What is epic poetry?

Well, nobody agrees, so this is just Drout’s def­i­n­ition. For me, the epic is the inte­gration of heroic feats into a matrix of real his­torical, political, and cul­tural material.

Do you con­sider “The Lord of the Rings” epic?

Yes. The dif­ference is it’s set into the political and cul­tural matrix of an imag­inary world.  There isn’t a spot in the Middle Ages to have what Tolkien wanted so he just sort of made up Middle Earth. It’s meta-epic. On the other hand, the worlds of Virgil or Homer or Dante are real worlds, though it’s also the author’s imag­i­na­tions of their respective worlds.

Why did you choose to study Tolkien?

I first got inter­ested in Tolkien when I was 3 or 4 years old. In the spare room of my grandma’s house, someone had taped a poster of Middle Earth on the wall. I’d appar­ently stand up in my crib and point and say, “what’s that? what’s that?” My dad read me “Lord of the Rings” when I was six, and I’ve always loved it.

What do you think of the Peter Jackson movies?

I think the movies are visually remarkable. It’s amazing that you could go to New Zealand, the other side of the world from all of Tolkien’s expe­rience, and make it look like I’d imagined Middle Earth. The things they did in terms of attention to detail with cos­tumes, arti­facts, and art are really remarkable.

I’m not fond of Philippa Boyens’ screenplay. I think they just didn’t trust their audience and made depar­tures from the book that make the story weaker. Middle Earth is smaller. When the elves can decide they should help out at Helm’s Deep and walk there in a couple of hours – no; when Sauron can look out and see them climbing the mountain, it’s Hol­ly­woodish.

What is your pre­diction about “The Hobbit” movie – will it be true to the book?

It’s going to be the feel of the The “Lord of the Rings” all over again. It’s not going to have that childlike fairytale element that’s in the book. They could not get that to work on the large screen. They’ve also expanded the story immensely. Some­thing that was only one line in “The Hobbit” will be a major part of the movie. For example, the line that goes like “and while you were up here dealing with the lonely mountain, the white council went and expelled the evil necro­mancer and things will be better in the forest” – they’re going to show that.

What is some­thing about Tolkien that his con­tem­porary fol­lowing doesn’t know?

The biggest thing that so many people miss about Tolkien is that he was a philol­ogist. Philology was what we would nowadays call lin­guistics, but con­tem­porary lin­guistics have moved com­pletely away from lit­erary texts. Tolkien was inter­ested in the sys­tematic way lan­guage changes and using that to recon­struct things that are lost.

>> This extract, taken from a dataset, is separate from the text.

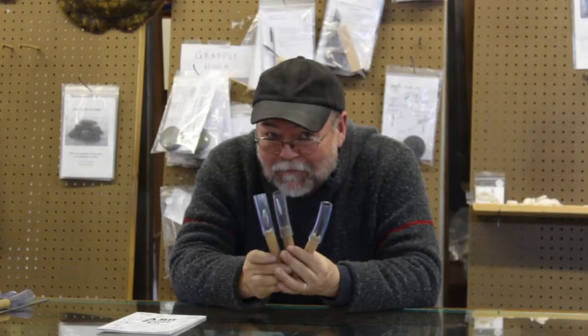Thanks to Reptile Tool Works, thanks to the Reptile Tool School, thanks to the Little Red Workshop. I look forward to seeing you in my classes and building some outstanding tools. Thanks.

When Tolkien was asked to describe himself, he always called himself a philol­ogist.  He worked for the Oxford Dic­tionary too; he wrote the def­i­n­ition of walrus.

How much did C. S. Lewis influence Tolkien?

Somebody asked Lewis what it was like to influence Tolkien and Lewis laughed and said “influence Tolkien, you might as well try to influence a ban­der­snatch; nobody ever influ­enced Tolkien.” But even if Tolkien didn’t take advice Lewis offered, men­tally, he was thinking about Lewis as his audience. The other piece of the Tolkien-Lewis friendship is that Lewis con­verted to Chris­tianity based on a con­ver­sation with Tolkien.

Do you have any advice for stu­dents inter­ested in writing fiction?

Write the book you want to read rather than the book you think someone else will buy. What got “The Lord of the Rings” off the ground was Lewis saying to Tolkien, “You know there aren’t enough books around of the kind we like to read, so we shall have to write them.”